Invisible porque en él se alternan caricias y desprecios, agasajos y vejaciones. Invisible porque el verdugo se convierte, por mor del cruel abuso de poder, en el centro de todas las cosas. Invisible pese a que sus gravísimos daños colaterales pueden inducir al suicidio, lo que es asesinato, pero no es nada fácil demostrarlo. Invisible porque…
De este maltrato invisible precisamente trata esta historia, ópera prima de la actriz y cineasta británica Mary Nighy, cosecha del 84 e hija de los intérpretes Bill Nighy y Diana Quick. Coproducción entre Canadá y Estados Unidos, fechada en 2022, de 89 minutos de metraje.
Su solvente guion lo escribe Alanna Francis. Su fotografía que, junto a una puesta en escena pródiga en desasosegantes primeros planos, resalta lo angustioso del relato, la firma Michael Robert McLaughlin y su banda sonora, de la que se podría decir otro tanto, se debe a Owen Pallett. En su reparto destacar a una excelente, como suele, Anna Kendrick a la que dan una réplica más que digna el resto de intérpretes.

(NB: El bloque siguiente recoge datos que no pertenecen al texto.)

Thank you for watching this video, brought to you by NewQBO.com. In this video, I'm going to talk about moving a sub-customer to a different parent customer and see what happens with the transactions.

Su protagonista, la Alice del título, está sumida en una relación tóxica, dañina, abusiva y peligrosa para su salud física, mental y emocional de cuyas insidias ni siquiera es consciente. La pareja que forma con su novio, el atractivo pintor Simon, es modélica de puertas para afuera. Hasta el punto que ella misma lo cree así.
Pero las terribles secuelas del maltrato psicológico, del maltrato invisible, que padece, son reveladas paulatina y sabiamente por la realizadora, en un ejercicio de madurez infrecuente en un debut cinematográfico.
Así, poco a poco, muestra cómo la sonrisa cede el paso a tics en los que se arranca mechones de pelo. Muestra cómo no deja el móvil en el que los mensajes de control son constantes, en los que incluso se la insta a fotografiarse el pecho para él, esté donde esté.
Muestra cómo es forzada a unas relaciones, y prácticas sexuales, que no desea, pero a las que se somete so pena de ser culpabilizada. Muestra cómo lo es cuando se atreve a negarse. Muestra cómo sus hábitos, modus vivendi, personalidad y costumbres han cambiado radicalmente en función de las de él.
Muestra cómo debe mentirle para que irse a un fin de semana con sus amigas. Muestra sus tensiones, infelicidad y angustia crecientes así como su negación ante ellas del proceso que está sufriendo: «No me ha hecho nada» les dice y ellas: «¿Que no te ha hecho nada…?»
Muestra cómo estas dos mujeres, que la quieren y que empatizan con ella, son capaces de abrirle los ojos para que tenga los instrumentos para liberarse y poder retomar su vida sin cadenas. Pero no será nada fácil…
Mary Nighy ha realizado en ‘Alice, cariño’ una lúcida, inquietante, justa y necesaria anatomía del maltrato más insidioso e invisible, entre el drama y el thriller. Y lo ha hecho con talento y con una mirada inequívocamente feminista. Gracias le sean dadas por ello.
GRACIAS, GRACIAS, GRACIAS.
No dejen de verla, ya sea en cine o en alguna plataforma. Nos concierne a todas, no sólo a las víctimas.